Compositional Layers

Crust

The crust is the thinnest layer of the earth; it is only 5-100 km thick. It includes the ocean floor and dry land, which is called the oceanic and continental crusts. It is made up mostly of silicon and oxygen in the form of granite and basaltic rocks.

Mantle

The mantle is the thickest layer of the earth, measuring 2,900 km thick. It is a semi-solid layer made up of silicate, iron, nickel, and magnesium. Magma that spews out of volcanoes comes from the mantle.

Outer Core

The outer core is a layer of liquid metal, mostly iron and nickel. It is 2,200 km thick.

Inner Core

The inner core is made mostly of iron and nickel as well. The pressure in it is so great that it becomes a solid ball. Its diameter is 2,456 km. When the outer core spins around it, the earth’s magnetism is created.

Physical Layers

Lithosphere

The lithosphere is about 15-300 km thick. It is cold and brittle, very easily broken. It is a combination of the crust and the upper region of the mantle.

Asthenosphere

The asthenosphere is the weak sphere. It is 250 km thick. It is a soft layer of hot semi-liquid that is constantly moving in convection currents (which will be explained later on). The plates of the lithosphere ‘float’ on the asthenosphere.

Mesosphere

The mesosphere is the middle sphere. It is the rest of the mantle that the lithosphere and the asthenosphere don’t take up, which is about 2,550 km. It is much stronger and hotter than the asthenosphere. It is a semi-solid, and it is believed that the pressure keeps it from flowing like a liquid.

Outer Core

The outer core is the only actual liquid layer of the earth. Although it is pretty much a superhot sea of iron and nickel, magma and lava DOES NOT come from here.

Inner Core

The inner core is the solid, dense core of the planet, a solid ball. The outer core’s rotation around it is what causes the earth’s magnetism. The earth’s inner core is hotter than the surface of the sun.

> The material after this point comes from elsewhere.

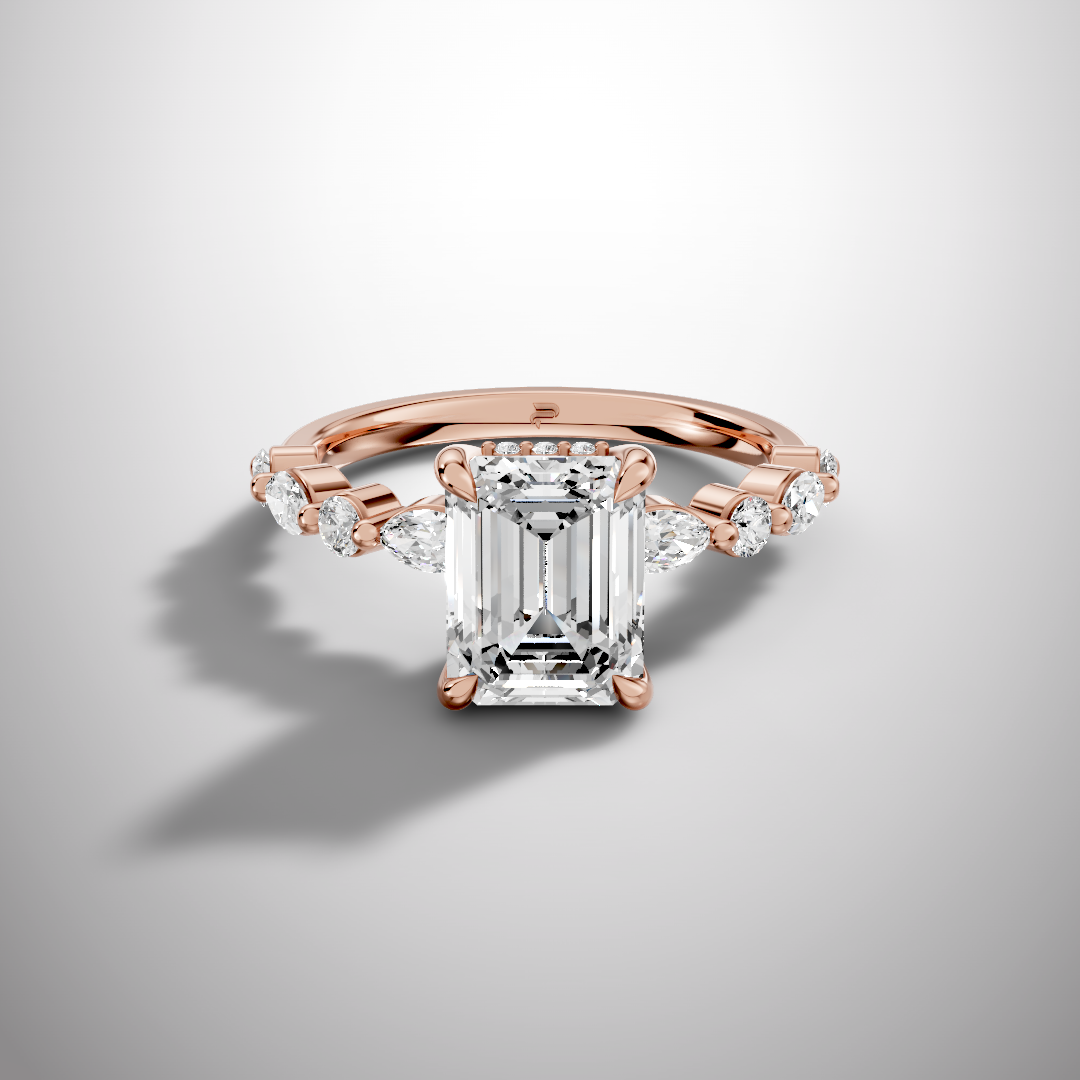Emerald cut moissanite solitaire ring with hidden halo and side stones in yellow gold finish front view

The sun’s surface is about 5,500 °C. The inner core is about 6,000 °C. But the sun’s core is 15,000,000 °C, so the earth’s core is a lot colder compared to that.

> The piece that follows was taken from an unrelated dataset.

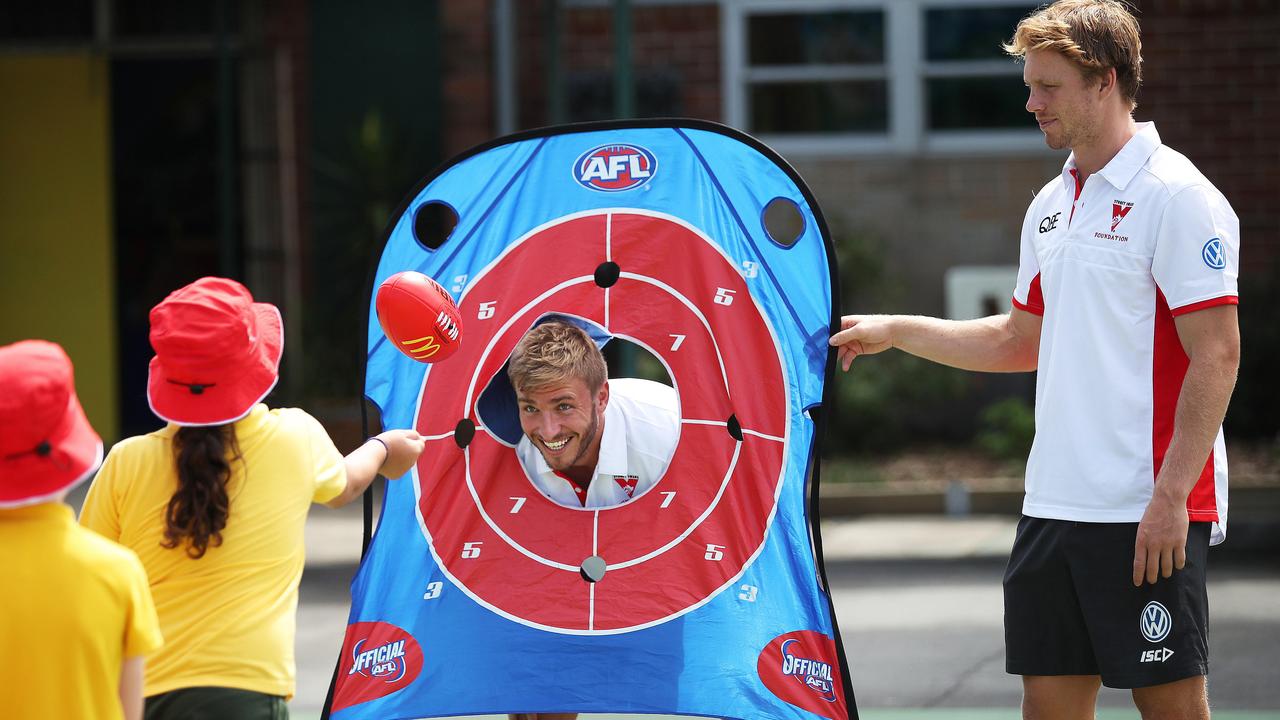 Sydney Swans players Kieren Jack and Callum Mills at a Swansfit coaching clinic at Chifley Public School in Malabar. Picture: Phil Hillyard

https://rozsascience.files.wordpress.com/2013/01/the_earths_layers_foldable_completed.jpg

This is the foldable that we did in class to visualize this.

The convection currents are what cause earthquakes. The air gets hot from the inner core, and so it rises. Then is get cold from up there, so it sinks. This repeats around in there, sometimes causing the tectonic plates to shift.

S&EP:SP2, Using Models.

This week I learned a lot about the rock cycle and the earth’s layers because we made that foldable and did that lab. If those Starburst candies were actually rocks, it might have helped a tiny bit more, but that lab really helped to make sense of the rock cycle. And with the foldable we made, it showed all of the layers and what was going on.

XCC: Structure and Function.

If one of the earth’s layers wasn’t strong enough to support the other layers, the earth would completely fall apart. It is really important that everything is strong enough to support everything else and functions right to make everything okay.